CLICK HERE FOR FREE BLOG LAYOUTS, LINK BUTTONS AND MORE! »

Wednesday, December 8, 2010

birthday madness

baking on my birthday

before the red velvet brownies with GREEN cream cheese frosting on my rainny birthday

baking 6 months pregnant

my cupcake apron
a nice surprise to wake up from my awesome sister





 Delicioso!


cutest gift from my grandma <3 and whoa, look at that belly from the front!!


Monday, December 6, 2010

past half way....at six months



and then it was 6 months....

at six months i'm definitely, clearly, obviously pregnant. at my last dr appointment i had gained exactly 16 pounds and perfectly on track, although my jaw dropped and i was a little in shock. it's not so easy to gain back all the weight (and them some!) you worked so hard to get off and to keep it off. anyhow, im rocking my baby bump and when i go out, its obviously obvious there's a baby somewhere in there.

at six months i'm getting anxious. antsy. and anxiously antsy overwhelmed. there's so much to do and never enough time or energy to do it. and i know it'll only get harder to do things from here! (which contributes to the antsy anxiousness). i want everything to be ready for my bambino now, but i know i'll never really be ready. he'll just arrive and it'll just work itself out naturally.

at six months i'm beginning to doubt my abilities. with my anxious overwhelmedness, i'm starting to question me being able to do this, be a mom. before it was the whole giving birth that freaked me out. well, i dont think that will ever go away...but rather i'm learning to deal with it, reading articles, books, taking classes, being educated and trying to learn how to manage pain and anxiety with relaxing and finding my happy place. but now, it's the whole being a mom. having an actual baby to take care of, in addition to life, in addition to not loosing myself. i realize i wont loose myself, but sometimes it's so easy to loose yourself in the day to day of everything. work, chores, work, chores, chores, bills, etc etc. it took me until recently to balance my office job and myself, and i lost a bit of my art along the way.

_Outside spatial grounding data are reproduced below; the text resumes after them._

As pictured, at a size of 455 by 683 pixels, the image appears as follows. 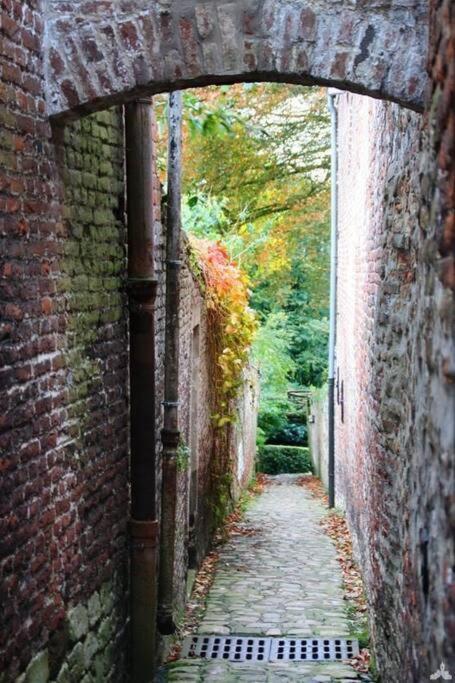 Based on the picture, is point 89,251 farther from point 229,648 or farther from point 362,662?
point 362,662

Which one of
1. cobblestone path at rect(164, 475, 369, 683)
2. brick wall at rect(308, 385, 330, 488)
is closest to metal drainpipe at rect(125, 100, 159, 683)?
cobblestone path at rect(164, 475, 369, 683)

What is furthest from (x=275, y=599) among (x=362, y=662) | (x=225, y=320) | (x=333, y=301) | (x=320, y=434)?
(x=320, y=434)

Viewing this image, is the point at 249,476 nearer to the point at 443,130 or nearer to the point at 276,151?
the point at 276,151

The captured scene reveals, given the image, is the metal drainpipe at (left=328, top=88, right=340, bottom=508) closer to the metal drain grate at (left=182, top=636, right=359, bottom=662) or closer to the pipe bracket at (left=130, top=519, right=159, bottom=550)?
the metal drain grate at (left=182, top=636, right=359, bottom=662)

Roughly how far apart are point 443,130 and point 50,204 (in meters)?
2.17

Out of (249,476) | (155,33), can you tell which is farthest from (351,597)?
(249,476)

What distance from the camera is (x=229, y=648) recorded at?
700cm

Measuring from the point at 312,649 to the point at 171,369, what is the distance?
7.87 feet

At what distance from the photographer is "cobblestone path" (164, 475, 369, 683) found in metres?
6.46

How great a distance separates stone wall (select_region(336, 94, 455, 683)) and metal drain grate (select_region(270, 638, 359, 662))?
459 mm

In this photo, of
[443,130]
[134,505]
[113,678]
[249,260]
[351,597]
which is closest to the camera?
[443,130]

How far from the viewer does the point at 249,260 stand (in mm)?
20109

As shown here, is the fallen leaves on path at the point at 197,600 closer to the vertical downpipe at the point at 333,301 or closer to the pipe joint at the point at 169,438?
the pipe joint at the point at 169,438

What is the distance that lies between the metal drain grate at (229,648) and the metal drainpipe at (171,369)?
472 mm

at six months i'm crafting the stress away. at six months the crafts contribute to the anxious overwhelming antsyness. i've always crafted away my worries and gone into my happy place. at six months i craft and think to myself there are so many other things i should be doing to get ready for bambino. there's so much to do and i'm crafting. but i'm learning the balance between what needs to get done and what i need to do for my self and my own sanity.

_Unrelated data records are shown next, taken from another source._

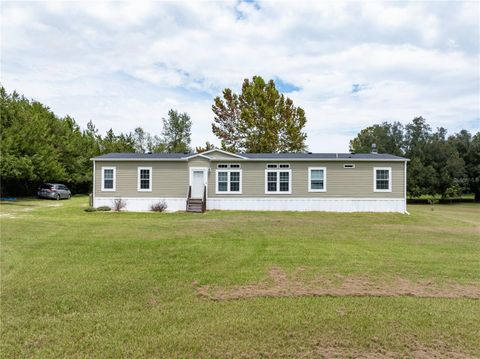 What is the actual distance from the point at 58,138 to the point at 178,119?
24179 millimetres

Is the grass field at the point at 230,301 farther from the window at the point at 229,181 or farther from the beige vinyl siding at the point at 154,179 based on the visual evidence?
the window at the point at 229,181

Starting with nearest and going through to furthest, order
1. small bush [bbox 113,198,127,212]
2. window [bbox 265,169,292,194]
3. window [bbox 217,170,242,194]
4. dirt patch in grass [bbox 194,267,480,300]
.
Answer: dirt patch in grass [bbox 194,267,480,300] → small bush [bbox 113,198,127,212] → window [bbox 265,169,292,194] → window [bbox 217,170,242,194]

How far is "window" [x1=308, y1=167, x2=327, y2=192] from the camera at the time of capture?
21.1 m

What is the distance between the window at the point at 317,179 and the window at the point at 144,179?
9354 mm

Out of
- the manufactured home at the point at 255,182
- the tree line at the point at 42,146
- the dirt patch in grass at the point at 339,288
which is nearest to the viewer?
the dirt patch in grass at the point at 339,288

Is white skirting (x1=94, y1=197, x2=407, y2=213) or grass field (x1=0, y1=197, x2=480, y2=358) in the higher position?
white skirting (x1=94, y1=197, x2=407, y2=213)

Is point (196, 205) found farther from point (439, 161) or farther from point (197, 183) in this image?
point (439, 161)

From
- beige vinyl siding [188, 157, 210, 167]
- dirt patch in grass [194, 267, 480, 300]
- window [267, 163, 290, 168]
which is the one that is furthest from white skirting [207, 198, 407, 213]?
dirt patch in grass [194, 267, 480, 300]

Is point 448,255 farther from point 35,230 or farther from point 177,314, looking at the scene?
point 35,230

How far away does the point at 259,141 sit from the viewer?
40.8 metres

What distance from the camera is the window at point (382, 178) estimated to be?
21000mm

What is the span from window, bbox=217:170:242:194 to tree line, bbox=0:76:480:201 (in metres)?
17.1

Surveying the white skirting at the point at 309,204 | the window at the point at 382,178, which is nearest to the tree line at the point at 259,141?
the white skirting at the point at 309,204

at six months the hormones flare back up. my fingers swell at night and when its hot. i wake up and can't go back to sleep (though i found out its often because im hungry so i eat a small something and lay back down).at six months our bathroom is almost done. its harder to get in and out of the big truck without running boards or the tub for that matter. at six months bambino dances on my bladder and i feel him all the time, flip, kick, hiccup, hiccup, dance, dance, dance. i smell everything (in the tub i could smell instantly when hubby  brought in the christmas tree). at six months i've never been more in love with my husband. and happy. and reflective on all the things and roads it took us to get here. last night i framed some little collages of us over the years. he said "we've done so much together." at six months im tired. i want to nap at work. i look at baby stuff online, i write blogs, i ponder babies and wish i could just be home. at six months i do way more housework than i have in a long time, trying to prepare myself for his arrival.